_WORK ITEM:_ Please transcribe the data exactly as shown, skipping the images.

_Collected data entries:_

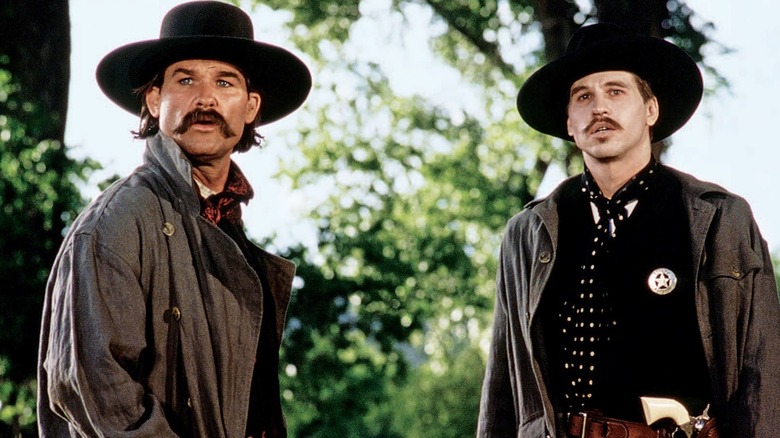 Wyatt Earp (Kurt Russell) and Doc Holliday (Val Kilmer) look concerned in Tombstone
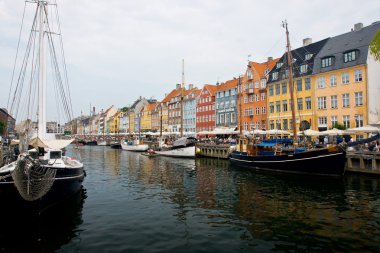 Copenhagen, Denmark - colorful buildings of Nyhavn street clipart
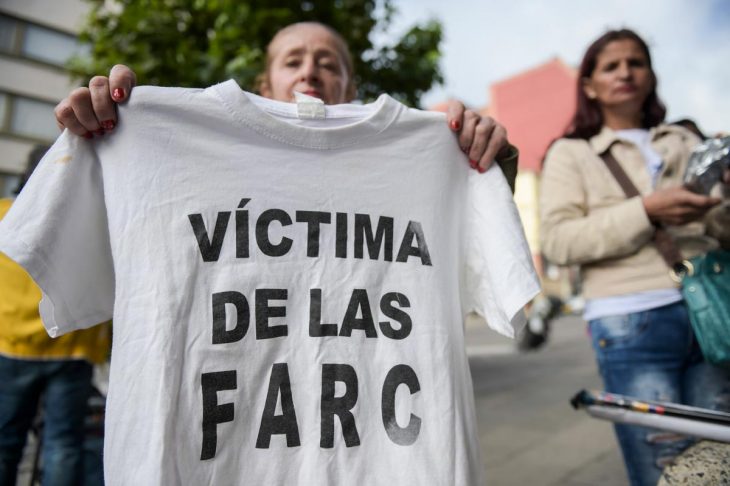 Una mujer sostiene una camiseta en la que se lee "Víctima de las FARC"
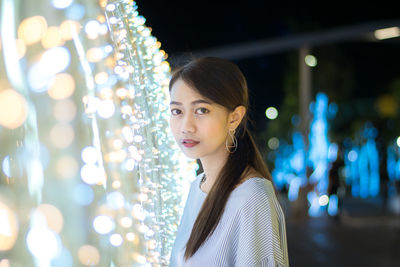 Portrait of young woman standing by illuminated decorative lights at night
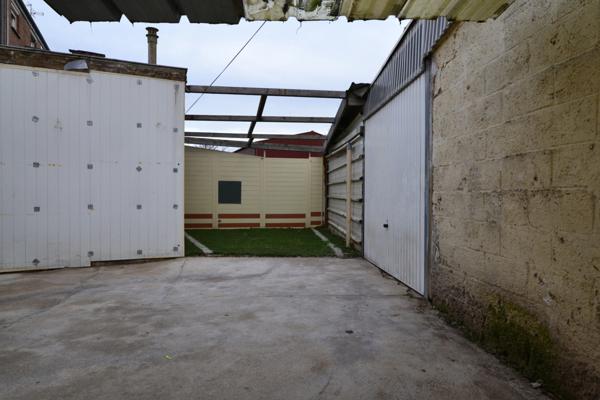 Maison de ville de 102m² en semi plain pied, 2 chambres, 1 bureau avec garage, cour et jardinet.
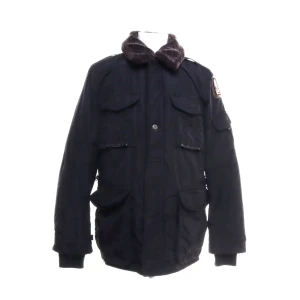 Svart vinterjacka från Parajumpers - Säljer en svart vinterjacka från Parajumpers med pälsimitation på kragen och flera stora fickor framtill. Jackan har lång ärm, dragkedja och knappar samt patch på ena ärmen. Perfekt för kalla dagar. 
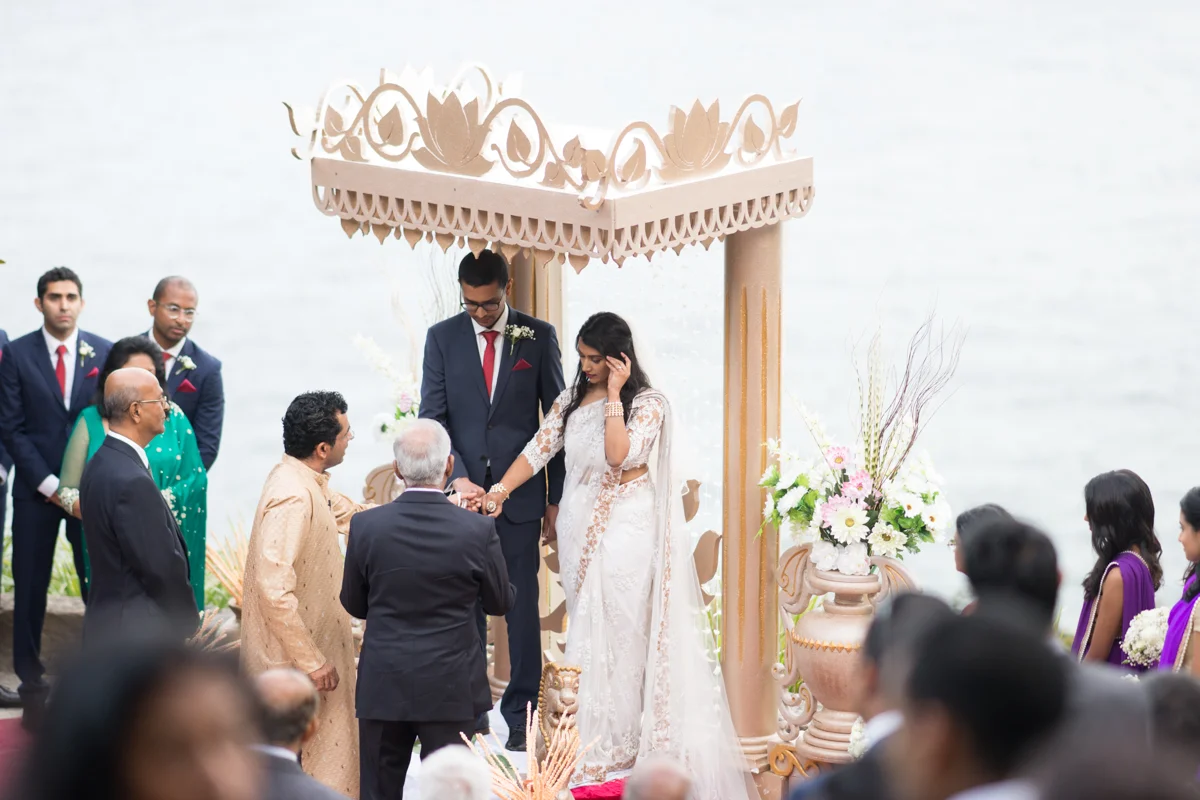 sri lankan wedding in sydney australia couple under altar during ceremony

_OUTPUT FOR THIS TASK:_
 Wyatt Earp (Kurt Russell) and Doc Holliday (Val Kilmer) look concerned in Tombstone
 Copenhagen, Denmark - colorful buildings of Nyhavn street clipart
 Una mujer sostiene una camiseta en la que se lee "Víctima de las FARC"
 Portrait of young woman standing by illuminated decorative lights at night
 Maison de ville de 102m² en semi plain pied, 2 chambres, 1 bureau avec garage, cour et jardinet.
 Svart vinterjacka från Parajumpers - Säljer en svart vinterjacka från Parajumpers med pälsimitation på kragen och flera stora fickor framtill. Jackan har lång ärm, dragkedja och knappar samt patch på ena ärmen. Perfekt för kalla dagar. 
 sri lankan wedding in sydney australia couple under altar during ceremony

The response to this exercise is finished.